Many conservative funds are barred from buying sub-investment-grade securities, so loss of this coveted rating can trigger selling of existing securities and raises future borrowing costs for a country and its companies.

S&P last month placed the country on “Creditwatch Negative,” implying a 50 percent chance of a downgrade in the next three months. Its own “market-derived” score for Russia indicates a rating five notches below current levels.

Moody’s rates Russia two notches above junk but with a negative outlook, and is expected to follow S&P later in 2015. Western sanctions imposed over Moscow’s role in the Ukraine crisis and oil’s price collapse are tipping Russia’s economy into recession, while central bank reserves have fallen by more than $100 billion — unlike during the 2008 crisis, reserve volumes fall short of total debt.

“We expect Russia to fall from the investment grade category by March or early April,” Societe Generale strategist Regis Chatellier said, predicting some forced selling of Russian debt.

Russian officials were unavailable for comment due to the country’s extended New Year break, but Finance Minister Anton Siluanov said late last month the dangers were “exaggerated.”

“We are working [with rating agencies] and explaining the economic situation,” he told reporters. “It seems to me that foreign understanding doesn’t always correspond to what is actually the case.”

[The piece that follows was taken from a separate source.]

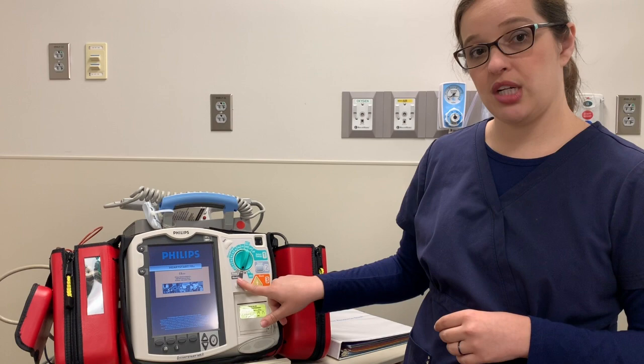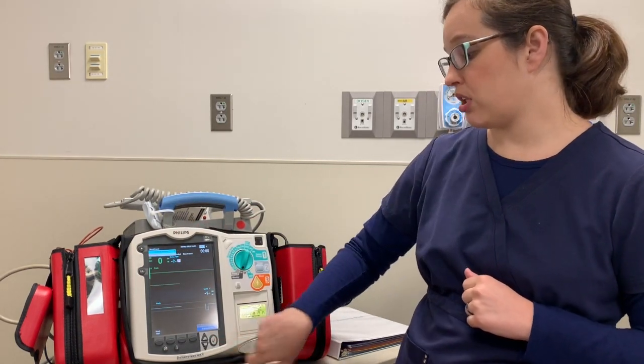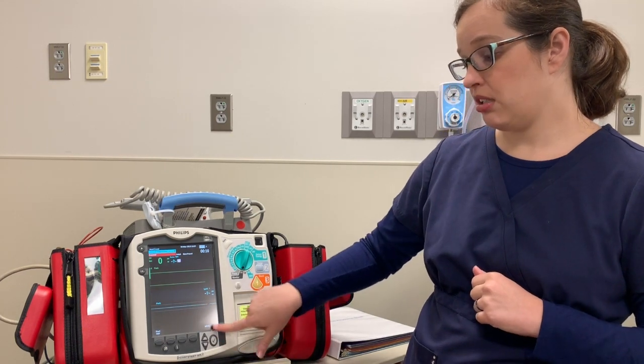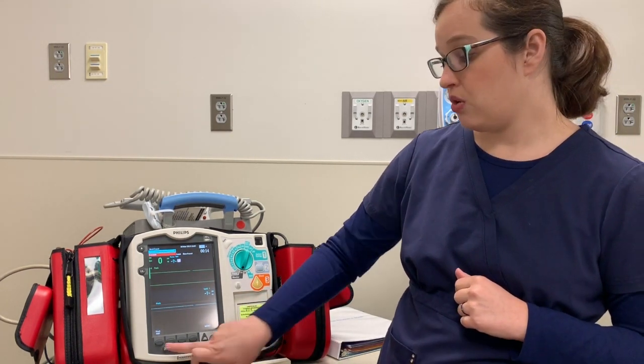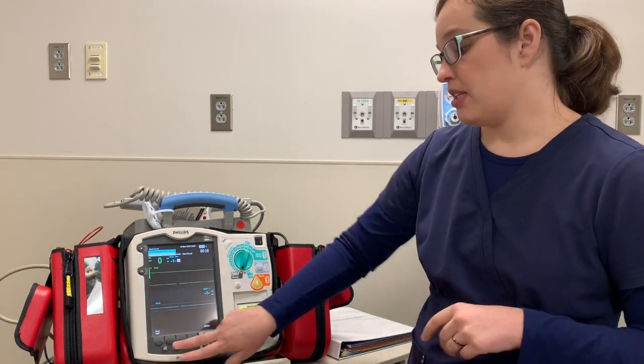You do have a monitor option that allows you to monitor a patient that you're transporting if you need to take the full defibrillator because you're concerned they may code in the hallway. There's a silence button — when the alarm's going off, you have the ability to silence from here, and you also have this button here that you can silence the machine with. This will silence it for a two-minute time frame.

An oil price bounce or a lifting of sanctions could bring respite. But Moody’s said on Dec. 22 that it expected “limited upward pressure on ratings,” while predicting downward moves if oil prices stayed at “current levels.” Since then, crude futures have tumbled another $10 a barrel.

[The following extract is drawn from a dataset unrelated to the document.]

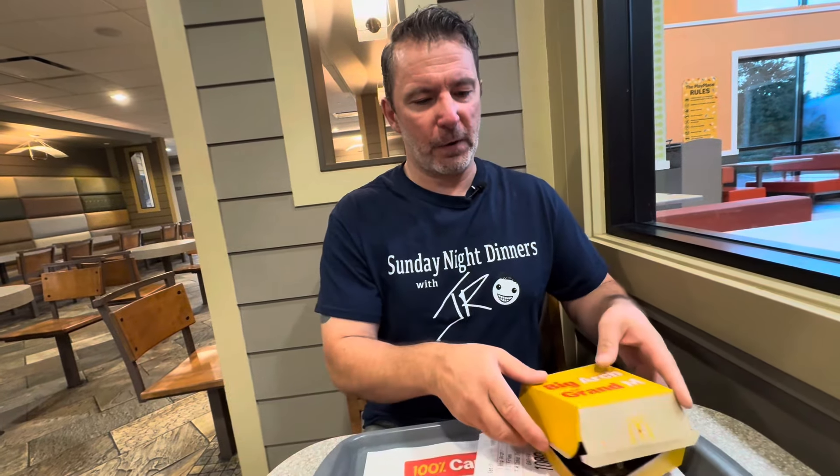We're at the McDonald's in Colwood, B.C., on the Island Highway, which is Route 14 — or the Soup Road, or whatever you want to call it. So yeah, let's take a look at this burger.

The biggest impact would be felt with both Moody’s and S&P cutting Russia to junk because that would lead to the country’s ejection from Barclays’ Global Aggregate index that is estimated to be have $2 trillion benchmarked against it worldwide.

Adding in sovereign and corporate debt in rubles and hard currency, Russia has a 0.7 percent weight that Barclays reckons amounts to $140 billion.

Dedicated emerging market funds would be less affected because most EM indexes include non-investment-grade credits.

A lot of foreign funds, including those following the Barclays index, have already dumped their Russian holdings, and the cost of insuring Russia exposure via credit default swaps exceeds that of Pakistan and Lebanon, whose ratings are deep in junk.

“Russian credit is already priced for three downgrades. However if you do get an actual downgrade to high-yield, you do get some more capitulation,” said David Hauner, head of EEMEA debt and strategy at Bank of America/Merrill Lynch.

A BofA/Merrill study comparing CDS spreads and ratings found that a one-notch downgrade to junk tends to fuel a 40- to 60-basis-point increase in bond and CDS spreads.

Russian sovereign debt yields 630 basis points above US Treasuries, close to Iraqi and Angolan levels. That is 400 bps above year-ago levels and more than double the average premium paid by other investment grade credits on the EMBIG index.

“There is always some reaction [to loss of investment grade],” said David Spegel, head of emerging debt at BNP Paribas. “Some people hold on and ignore events until they find their IG credit is now junk, and they must get rid of it.”

A downgrade will be most problematic for companies whose spiraling borrowing costs — reflected in a doubling of bond spreads since January 2014 — may rise even further. About $100 billion in company debt is due this year.

“A potential downgrade could intensify the pressure on Russian corporate bonds, not so much due to the downgrade itself but due to further restrictions on bond holdings stemming from institutional investors,” SocGen’s Chatellier said.